▶ RECORDS SHOWN
################

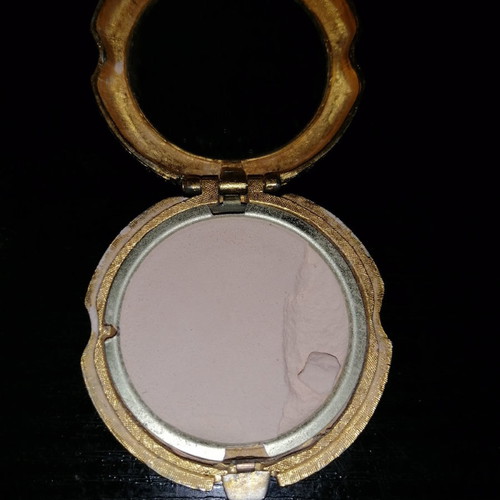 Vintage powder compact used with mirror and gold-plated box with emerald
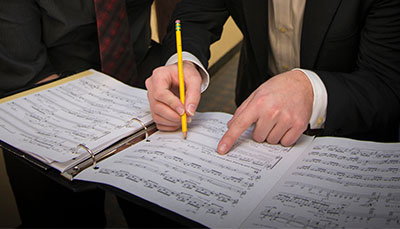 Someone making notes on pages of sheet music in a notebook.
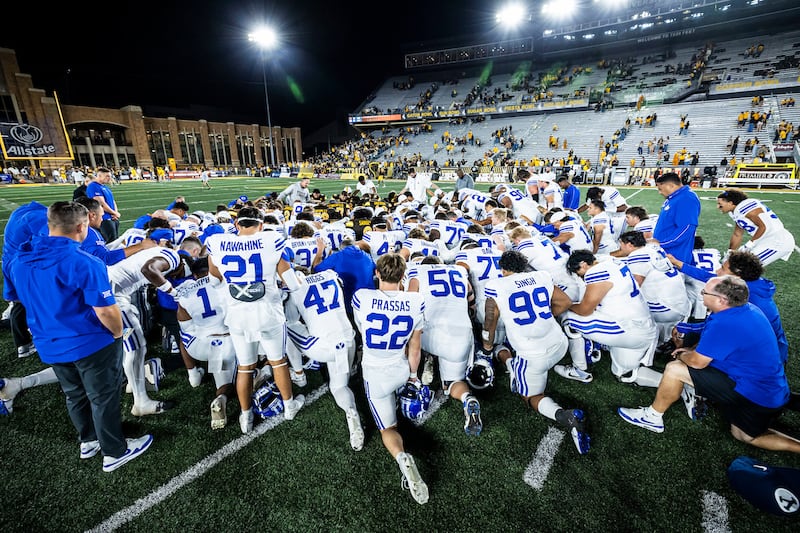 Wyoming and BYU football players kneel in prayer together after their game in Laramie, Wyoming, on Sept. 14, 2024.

################

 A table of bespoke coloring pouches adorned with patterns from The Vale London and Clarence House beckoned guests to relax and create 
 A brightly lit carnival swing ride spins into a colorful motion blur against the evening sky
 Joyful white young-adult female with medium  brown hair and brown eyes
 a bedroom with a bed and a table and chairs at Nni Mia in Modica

################

▶ PROBLEM TO WORK ON
After identifying the lines above that contain "table", copy each one.

▶ EXERCISE SOLUTION
 A table of bespoke coloring pouches adorned with patterns from The Vale London and Clarence House beckoned guests to relax and create 
 a bedroom with a bed and a table and chairs at Nni Mia in Modica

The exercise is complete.